NTT Advances AI Accuracy, Security & Cost at ICML 2025

Conference showcased the most innovative global breakthroughs in AI and ML fundamental research and development

News Highlights:

• NTT Research and NTT R&D scientists presented 12 papers at ICML 2025, one of the world’s most prestigious conferences on AI and machine learning.
• Three papers co-authored by NTT Research Physics of AI Group scientists included new findings on why algorithms designed to improve LLM accuracy and factual associations can negatively impact models’ factual recall and reasoning abilities.
• Eight papers co-authored by NTT R&D scientists present included proposal of world’s first “Portable Tuning” technology to reduce retraining cost and improve sustainability of generative AI.

NTT Research, Inc. and NTT R&D, divisions of NTT (TYO:9432), researchers presented twelve papers at the forty-second International Conference on Machine Learning (ICML), held July 13-19, 2025 in Vancouver. ICML 2025 is a leading global conference “dedicated to the advancement of the branch of artificial intelligence known as machine learning,” including for applications such as machine vision, computational biology, speech recognition and robotics.

The three accepted papers co-authored by members of NTT Research’s Physics of Artificial Intelligence (PAI) Group advanced our understanding of large language model (LLM) accuracy, machine learning interpretability and the neural mechanisms of short-term memory in recurrent neural networks (RNNs).

In the paper “Representation Shattering in Transformers: A Synthetic Study with Knowledge Editing,”¹ researchers explored the question of why Knowledge Editing (KE) algorithms—algorithms that alter LLMs’ weights to fix incorrect, outdated or unwanted factual associations—can negatively impact models’ factual recall accuracy and reasoning abilities. Researchers demonstrated that a phenomenon they call “representation shattering” is responsible for this degradation in models’ factual recall and reasoning performance, showing that KE “inadvertently affects representations of entities beyond the targeted one, distorting relevant structures that allow a model to infer unseen knowledge about an entity.”

In “Archetypal SAE: Adaptive and Stable Dictionary Learning for Concept Extraction in Large Vision Models,”² researchers revealed a fundamental limitation in Sparse Autoencoders (SAEs), dictionary learning frameworks for improved machine learning interpretability: severe instability that undermines their reliability and their usefulness as an interpretability tool. The researchers presented a solution, Archetypal SAEs (and a variant, Relaxed Archetypal SAEs), that significantly enhances SAE stability.

In “Dynamical Phases of Short-Term Memory Mechanisms in RNNs,”³ researchers explored the largely unknown role of neural mechanisms in short-term memory. Researchers’ work provided new insights into these short-term memory mechanisms proposing experimentally testable predictions for further systems neuroscience study.

“As a company, NTT has committed to developing AI technologies that enable sustainable development, respect human autonomy, ensure fairness and openness and protect security and privacy,” said NTT Research PAI Group Leader Hidenori Tanaka. “Realizing those positive outcomes begins with the exploration of AI ML at a fundamental level through scientific examination. I am proud of the work being performed by the NTT Research PAI Group and our colleagues at NTT R&D, and the opportunity to share our findings with the rest of the AI academic community at ICML 2025 was a great privilege.”

In addition to the PAI Group’s accepted papers, eight papers presented at ICML 2025 were co-authored by scientists affiliated with NTT R&D laboratories in Japan.

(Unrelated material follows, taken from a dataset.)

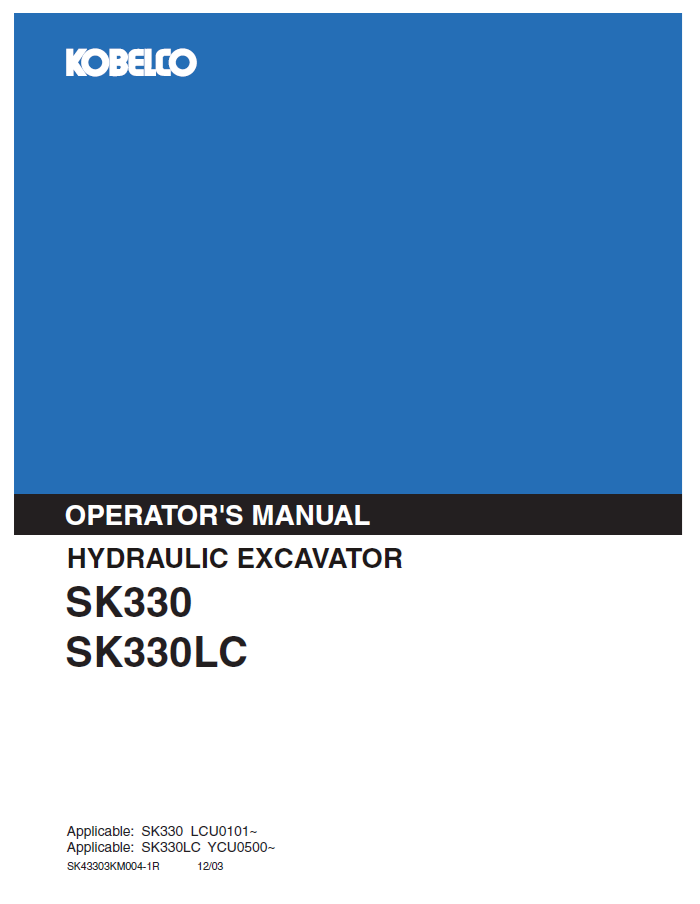 Kobelco Hydraulic Excavator SK330 and SK330LC Operator's Manual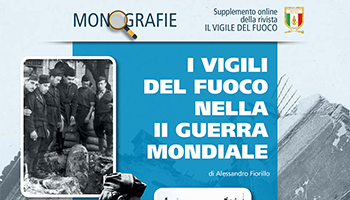 Monografia – I Vigili del fuoco nella 2^ Guerra Mondiale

One paper, “Portable Reward Tuning: Towards Reusable Fine-Tuning Across Different Pretrained Models,”⁴ presented the world’s first “Portable Tuning” technology that eliminates the need to retrain specialized AI models when updating underlying foundation models—significantly reducing retraining costs and improving the sustainability of customized generative AI.

Another paper, “Plausible Token Amplification for Improving Accuracy of Differentially Private In-Context Learning Based on Implicit Bayesian Inference,”⁵ proposed Plausible Token Amplification (PTA), becoming the first to theoretically reveal how adding “noise” based on differential privacy (a method to mitigate data leakage) degrades the accuracy of LLMs. This technique is expected to promote the use of LLMs in fields using personal user-related data, like healthcare, government and finance.

And in, “K²IE: Kernel Method-based Kernel Intensity Estimators for Inhomogeneous Poisson Processes”⁶ researchers demonstrated a major improvement in the computational efficiency of large-data-set Poisson processes, which are used to analyze and forecast event patterns in space and time, from posts on social media platforms SNS to disease outbreaks.

The five other accepted papers authored or co-authored by NTT R&D scientists included:

• “Positive-Unlabeled AUC Maximization Under Covariate Shift”⁷
• “Natural Perturbations for Black-Box Training of Neural Networks by Zeroth-Order Optimization”⁸
• “Learning to Generate Projections for Reducing Dimensionality of Heterogeneous Linear Programming Problems”⁹
• “Guided Zeroth-Order Methods for Stochastic Non-Convex Problems with Decision-Dependent Distributions”¹⁰
• “Deep Ridgelet Transform and Unified Universality Theorem for Deep and Shallow Joint-Group-Equivariant Machines”¹¹

Additionally, NTT R&D researchers presented the poster about model merging, “Linear Mode Connectivity between Multiple Models modulo Permutation Symmetries.”¹² Previous studies have proposed methods for merging two pretrained models by leveraging the permutation symmetry inherent in neural networks to construct functionally equivalent but distinct models. This study extended these methods to merge three or more models simultaneously, demonstrating that the performance of the merged model improves as the number of models being merged increases.

NTT is committed to combining trust, integrity and innovation to empower businesses and communities with cutting-edge AI solutions that drive efficiency, safety and progress globally. Established in April 2025, the NTT Research PAI Group is studying the nature of AI, aiming to “address similarities between biological and artificial intelligences, further unravel the complexities of AI mechanisms and build trust that leads to more harmonious fusion of human and AI collaboration.”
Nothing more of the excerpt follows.